Humans are highly social, and in order to effectively communicate, we need to develop a wide range of skills. Although we typically associate communication with verbal conversation, nonverbal interactions also play a crucial role. Strong communication skills will allow you to thrive in both your career and your personal relationships.
In this sense, you will need to display some level of adaptability. You aren’t going to communicate with your boss, spouse, and children in the exact same way — and just because you’re speaking to someone doesn’t mean you’re effectively communicating. On the bright side, communication is a skill that can be improved.

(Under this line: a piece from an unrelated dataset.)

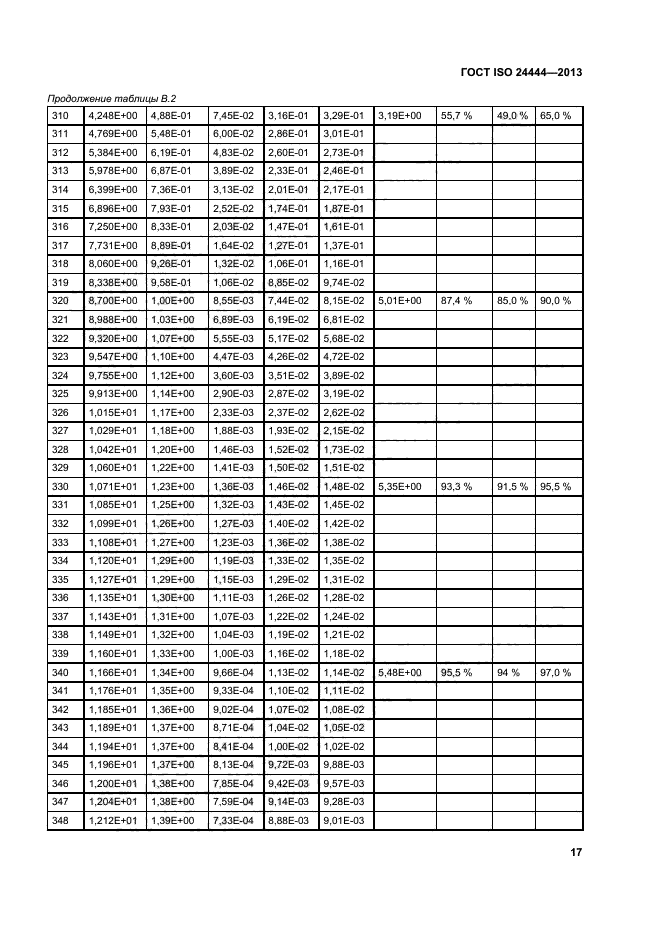 ГОСТ ISO 24444-2013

Improve communication with these three tips
Whether you are communicating with a coworker or your partner, there are steps you can take to improve this vital skill. If you actively practice the following three tips, you will find that you gain more from the interactions you have with others. You may also break bad habits that you’ve developed over the years.
Tip #1: Make eye contact
You do not need to awkwardly stare someone down, but do give them your full, undivided attention. When you look someone in the eyes while they’re speaking to you, you’re showing an honest interest in what they have to say. In fact, research has shown that when you make eye contact, you create a subconscious sense of connection.

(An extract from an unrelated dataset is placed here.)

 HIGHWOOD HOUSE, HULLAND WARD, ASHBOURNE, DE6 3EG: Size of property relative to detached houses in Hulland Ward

In a study conducted at Cornell University, published in Environment and Behavior, it was found that participants trusted a cereal brand more when looking directly into a character’s eyes. It was found that characters on children’s cereal boxes look down at an average of 9.6 degrees — matching the height of small children.
Tip #2: Learn to control your emotions
Emotional intelligence is linked to both self-awareness and effective communication. When you are more aware of your emotions, you can better manipulate your thinking and behavior. This can take time to develop, as you make an effort to acknowledge certain emotions when they arise.
The more you understand about your own emotions, the better you’ll be able to read into other’s. In turn, this will allow you to better empathize with others, gaining insight into how they may feel within a situation. As you communicate back and forth, control your emotions.
Tip #3: Talk less, listen more
Humans have a tendency to voice their opinion, wanting to express themselves and be heard. Once it’s time to focus on what someone else is saying, we’re not always as focused as we should be. Listening to someone isn’t the same as hearing. You not only need to listen to the words, but also to the message being conveyed.
By actively listening, you will obtain more information and enhance your overall understanding. When someone is speaking to you, avoid distractions, and truly absorb the information. Don’t rehearse a response in your head before the other person is done speaking — this will increase your chances of missing important details.
Be aware of nonverbal cues, including eye contact, body language, and facial expressions. Also, learn to be a more engaged listener while controlling your emotions — as strong communication skills will assist you throughout life, within a wide range of situations.